Zaman dulu di pedalaman Ethiopia, ada seorang gembala kambing, Kaldi namanya. Hidupnya biasa-biasa saja, membosankan malah. Kerjanya seperti kebanyakan kita. Bangun, mandi, kerja, makan, tidur, bangun lagi.. Begitu-begitu saja.
Sampai suatu hari ada kejadian luar biasa!
Suatu senja, Kaldi lihat kambingnya pada bergembira. Ada yang loncat-loncatan, ada yang menari-nari, ada yang cuma geleng-geleng sambil nyengir kuda.
Kaldi bingung, kambing kok bisa nyengir kuda? Sampai dia lihat, ada sisa buah aneh di tempat makan kambingnya. Baru dia perhatikan, ada semak lagi berbuah lebat. Buahnya merah, kecil, dan banyak. Sangat menggugah selera.
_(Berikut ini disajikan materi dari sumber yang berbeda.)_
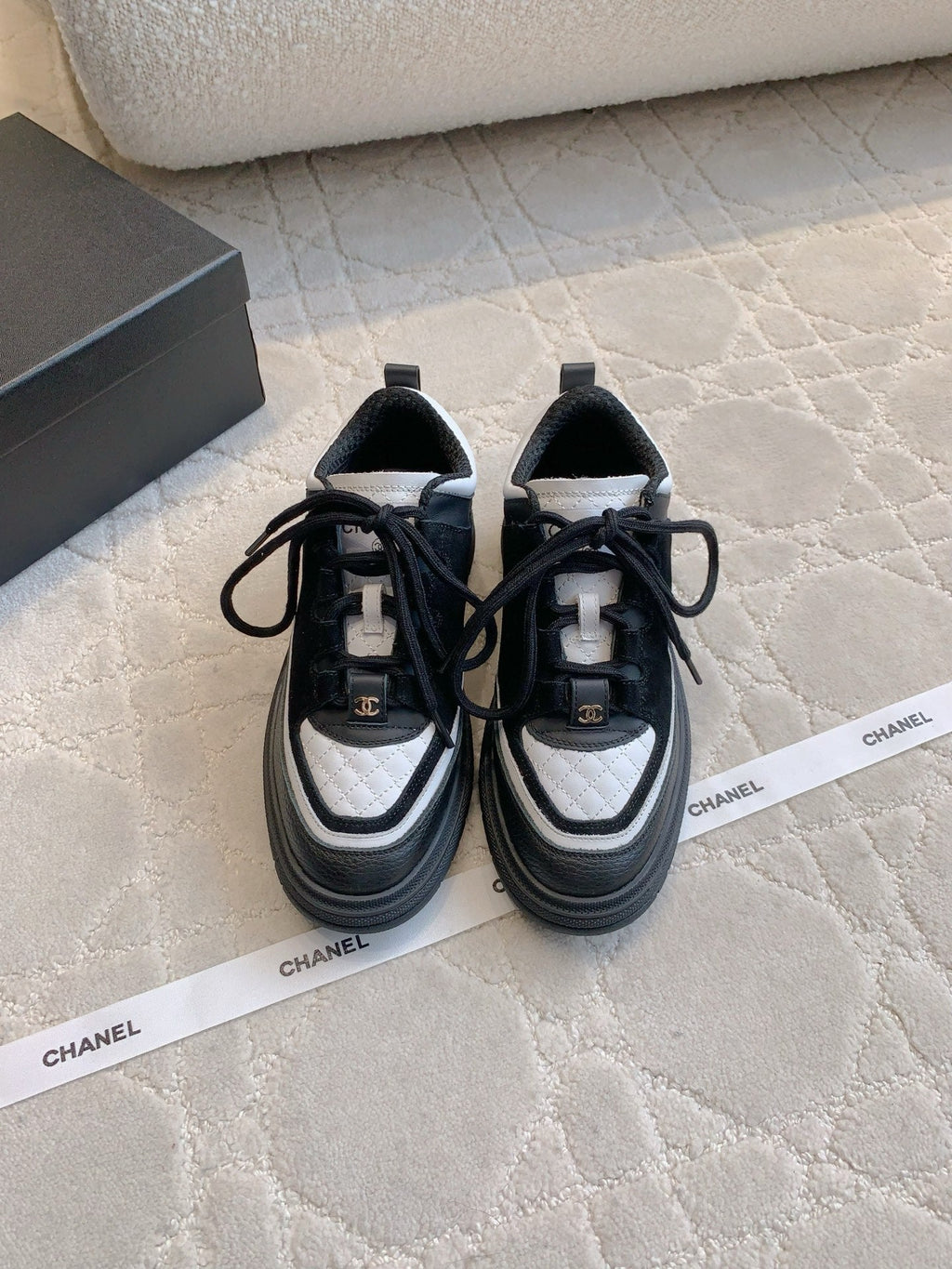 CHANEL 25S TRAINERS 40MM IN BLACK AND WHITE CALFSKIN AND SUEDE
Tertarik tapi ragu, Kaldi petik buah itu. Dia pegang, dia cium, dia jilat. Lalu dia gigit sedikit.
Perasaan bahagia langsung menghantam dirinya! Manis buahnya bikin Kaldi merasa di surga. Kenangan indah masa kecil melintas di benaknya. Dia petik buah banyak-banyak, dia kunyah buah lahap-lahap.
Tidak sadar Kaldi sudah ikut menari sama kambing-kambingnya. Tak peduli orang lihat apa, dia merasa suka cita.
Lelah menari, Kaldi langsung berlari. Lari ke mana, ke pesantren tentunya. Tempat orang berilmu berada. Dia mau tanya, buah apa itu namanya.
Sampai di pesantren Kaldi langsung cerita. Tapi jawaban sang ustadz mengagetkan dirinya.
Kahwa namanya. Khamr saudaranya. Setan asalnya. Bakar secepatnya!
Sang ustadz langsung membakar buah kahwa bawaan Kaldi. Kaldi sedih, ingin menangis, tapi dia takut.
Kahwa mulai gosong terbakar api, tapi asapnya makin wangi. Sang ustadz langsung menyadari, buah ini karunia ilahi.
Padamkan apinya! Kahwa tidak berdosa! Seru sang ustadz.
Kaldi tersenyum lega. Namun apa daya, kahwa kesayangannya telah legam dimakan api.
Penuh cinta dia pungut sisa kahwa yang ada. Dia masukkan ke bejana, mau dicuci biar bersih katanya.
Tapi kok air cucian kahwa semakin beraroma? Kaldi cicip air cucian itu. Sudah gila Kaldi, pikir sang ustadz.
Sang ustadz tak mengerti, perasaan bahagia kembali menyelimuti Kaldi. Abu kahwa membuat minuman yang sangat nikmat. Hitam dan pahit memang, tapi nikmat.
Tak ada yang sadar, Kaldi dan sang ustadz membuat sejarah hebat.
Tanpa Kaldi, hanya kambing yang menikmati kopi. Tanpa sang ustadz, kita makan buah kopi bulat-bulat.
Jika Anda adalah penggemar minuman kopi, berterimakasihlah kepada Kaldi (dan sang ustadz)..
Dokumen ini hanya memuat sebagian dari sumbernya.